As Graham danced the Bride in this ballet, she expressed what is here characterized as the independent American personality as well as what Graham herself described as the role’s “joyous quality, … the electric eagerness about it, an eagerness for destiny that is the unconscious partner of youth.” Together they strove to express a profundity and a simplicity (which Graham compared to the almanac). Elsewhere and again quoting from their correspondence, Graham praised Copland:
I keep thinking of various parts of your other music, Aaron. There is the unforgettable quiet part of your Lincoln work, that is so beautifully woven on the loom of this country without seeming to use any folk material. It gives me the feeling that I hear it. Of course I do not.

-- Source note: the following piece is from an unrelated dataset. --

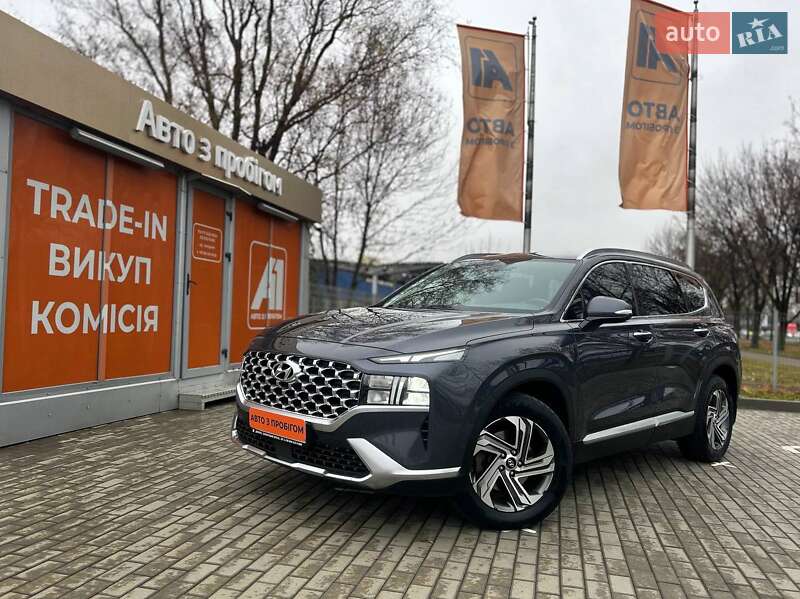 2021 hyundai santa fe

But it is in my pulse somewhere.
In this ballet much of this weaving is expressed in variations on the Shaker hymn, “Simple Gifts.” The story changed between initial scenario and first performance and Copland’s music inspired Graham to envision, embody, and portray different scenes in this ballet. As for the title, the anecdote recorded here is worth repeating:
The naming of the ballet was a favorite story of Copland’s. He said that when people would approach him and tell him how much they loved the score, that they could just see the mountains and smell spring in the air, he was often tempted to tell them that he had no idea what the title would be when he wrote the music. The first thing Copland asked Graham when he saw her at the dress rehearsal was, “Martha, what did you call the ballet?”
“Appalachian Spring,” she replied.
“Oh,” Copland said, “what a nice name. Where did you get it?”
Graham said, “It’s from a poem by Hart Crane.”
“Oh,” said Copland. “Does it have anything to do with the ballet?”
“No,” answered Graham. “I just liked it, and I took it.”
The music had always been connected in my mind, Copland said, with Martha’s extraordinary stature as an artist and as a human being. My title had always been “Ballet for Martha.”
This music often considered quintessentially American is in truth a product of two artistic titans coming together to produce an enduring work testifying to their profound respect for one another.
The pared down forces of the BSO betook themselves to the expanded stage and balconies of Symphony Hall for the 1945 orchestration of the suite from Appalachian Spring. Copland’s expansively open music, cited as characteristically American, here shines in its open fifth harmonies and serves the narrative of open and inclusive American Promise this program proposes. This performance sounded solid with a series of thoughtful solo lines delivered with the expected customary grace and sang froid. The suite offers a pastiche of familiar sounds which do seem disjointed and episodic absent the dancers or full score; someday it would be wonderful if the BSO and Boston Ballet joined forces to stage the complete version in all its multifaceted glory.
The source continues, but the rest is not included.